1. What was your relationship like with Nationals fans during your first few months with the team?

When I first came over, the first game I played was a sellout – 40,000-plus people in the stands. It was just amazing support. Being able to celebrate the division championship with the fans, showing them the appreciation we have for them supporting us and always having our back, was a special moment.

2. Describe running out on the field during the postseason in front of the home crowd. What was going through your head in that moment?

I was thinking just how awesome a feeling this is – this is what you play for. To be able to run on the field knowing what’s at stake was awesome.

3. How have the expectations changed for the Nationals since last season?

We’ve got a bull’s-eye on our backs now – people are gunning for us so it’s a little different. I think we’re thriving off of it. The attitude hasn’t changed. It’s a whole new season, and we’re focused on 2013 and getting the job done again.

4. What did you want to work on going into Spring Training this year?

The most important thing is to build rapport with the pitchers. To me, Spring Training is the most important part of the season because it gives me more time to build relationships with the pitchers, catch their bullpens and learn more about them. I think the closer the bond you get, the easier it is to get on the same page.

5. What’s your defensive mindset when there’s going to be a close play at home?

To me, the play at the plate is the most exciting play for a catcher. Our job is to minimize the amount of times the opposing team crosses home plate. Having a good play at the plate where you get the guy out and everything works out perfectly is the best feeling.

6. How does your catching hand feel when you’re catching this flame-throwing pitching staff?

I didn’t need a radar gun to tell me that we had the best arms in the league, I just knew from receiving them. It was impressive.

7. Is there anyone on the pitching staff that you think could have a breakout season?

It’s so hard, because they’re all good. To me, I think a big key will be (Ross) Detwiler. Catching him, I think he’s due for a big year. He’s got a great arm like everybody else does. I think a lot of people after this season are going to know who Ross Detwiler is.

8. What have you learned about playing for Davey Johnson?
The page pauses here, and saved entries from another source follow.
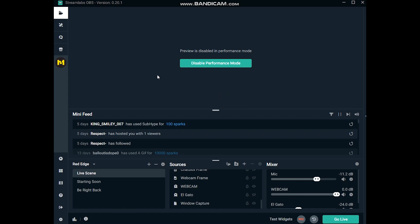Also what helps is if you right click on Streamlabs OBS, make sure to always run it as administrator as that helps a lot. And yeah, just make sure that you select the correct server to stream to and pick the closest one to you. That's basically it, hopefully it helps out.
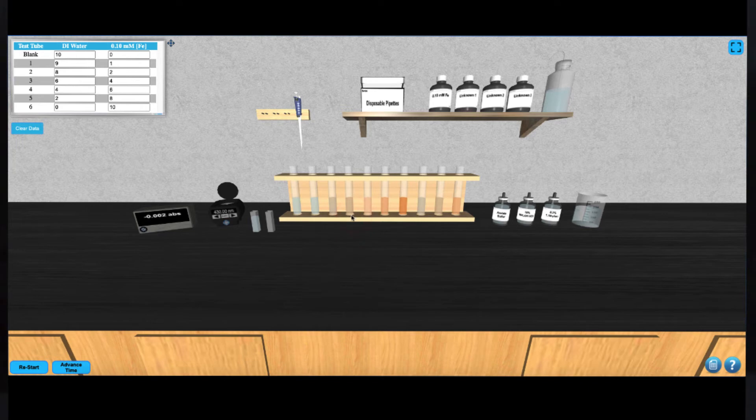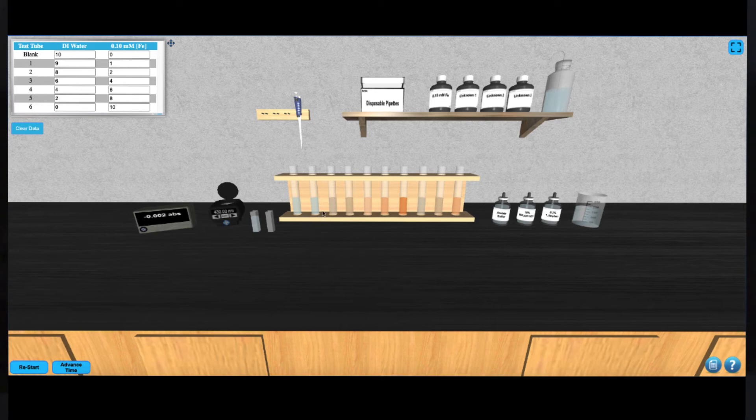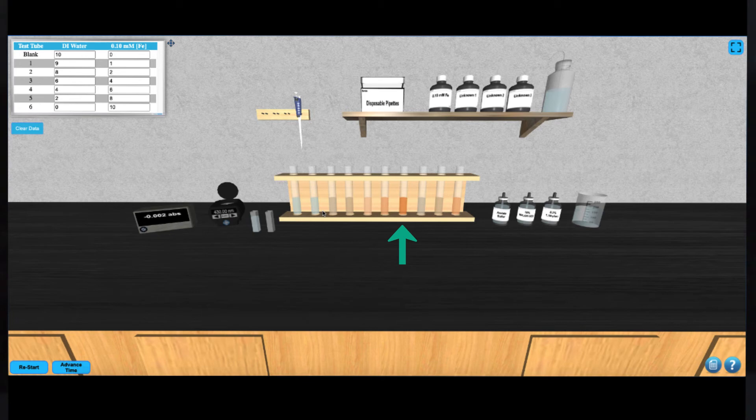Now you're ready to take an absorbance measurement of your other solutions. To do this, you'll need to select an optimal wavelength to use for this experiment. This can most effectively be done using the solution from test tube 7, which is the most concentrated in iron, and therefore the darkest.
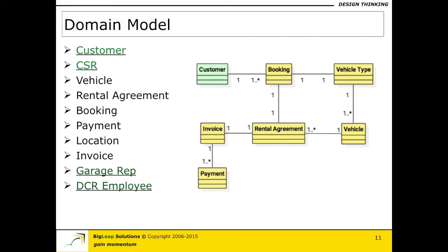The participants would have actually used nouns or the noun phrase approach in identifying the various entities. In that particular list, I have also color-coded the actors that I have shown in green and underlined. The customer, CSR, garage rep, and a DCR employee are actually actors. I color-code them to indicate that yes, these are nouns, but they actually happen to be actors, because I tend not to model too many of them into my domain model itself.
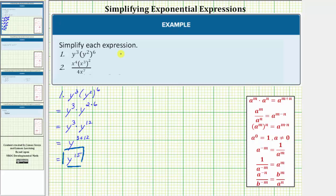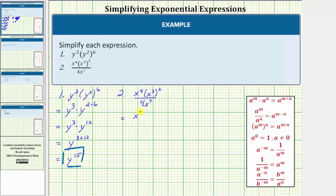Now let's take a look at number two. In the numerator we have x to the fourth times x to the third squared, all over four x to the seventh. We'll first simplify the numerator and then simplify the quotient. Looking at the numerator, we'll first simplify x cubed raised to the second power, which equals x raised to the power of three times two, or x to the sixth. So the numerator simplifies to x to the fourth times x to the sixth. The denominator stays four x to the seventh.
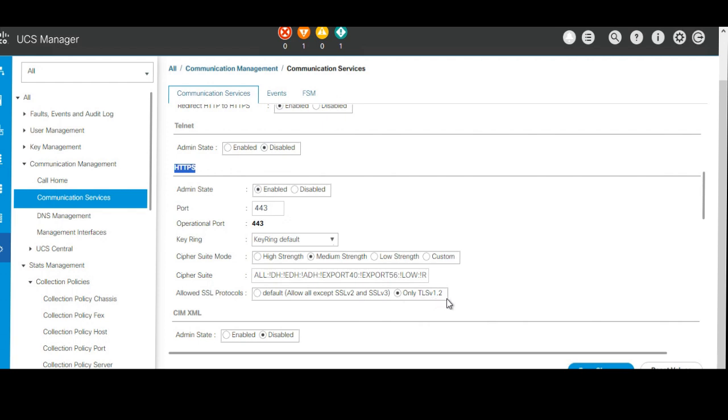By default, it is set to allow all except SSL v2 and SSL version 3. But we have to enable only TLS 1.2, so we will check this option and click on save.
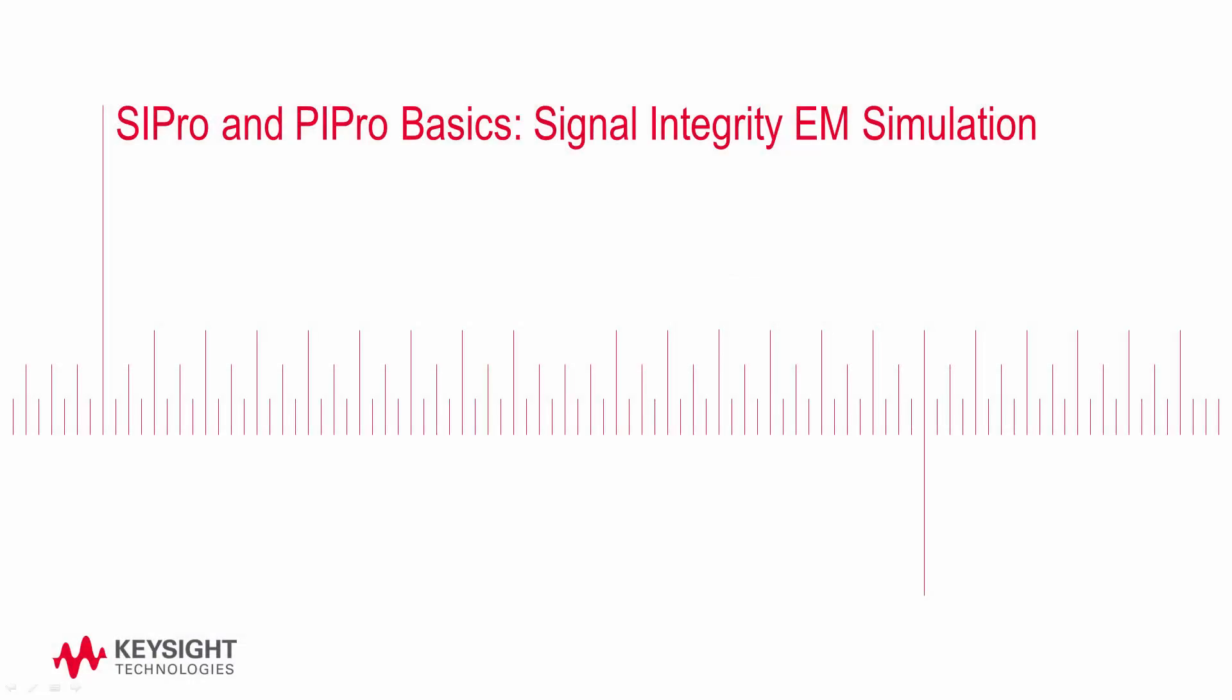In this video we're going to look at how to set up SI Pro for a signal integrity simulation. We'll then use electromagnetic or EM data from that simulation to run a channel simulation in the ADS schematic view.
Davey always has your back. He knows you’re going to make mistakes, but when you make mistakes he tries to teach you and correct you rather than taking you down. The biggest thing for me is that he’s always on your side, always protecting you. That’s huge for a player’s confidence.

9. Tell us a little bit about the Kurt Suzuki Family Foundation. How did that come about?

My wife Renee and I decided to do a foundation, and we decided to choose something that was close to us and close to our family. She has a sister with a rare kidney disease. My dad had kidney cancer and has been in remission for five years now. We’re really so grateful to be in a position to help out.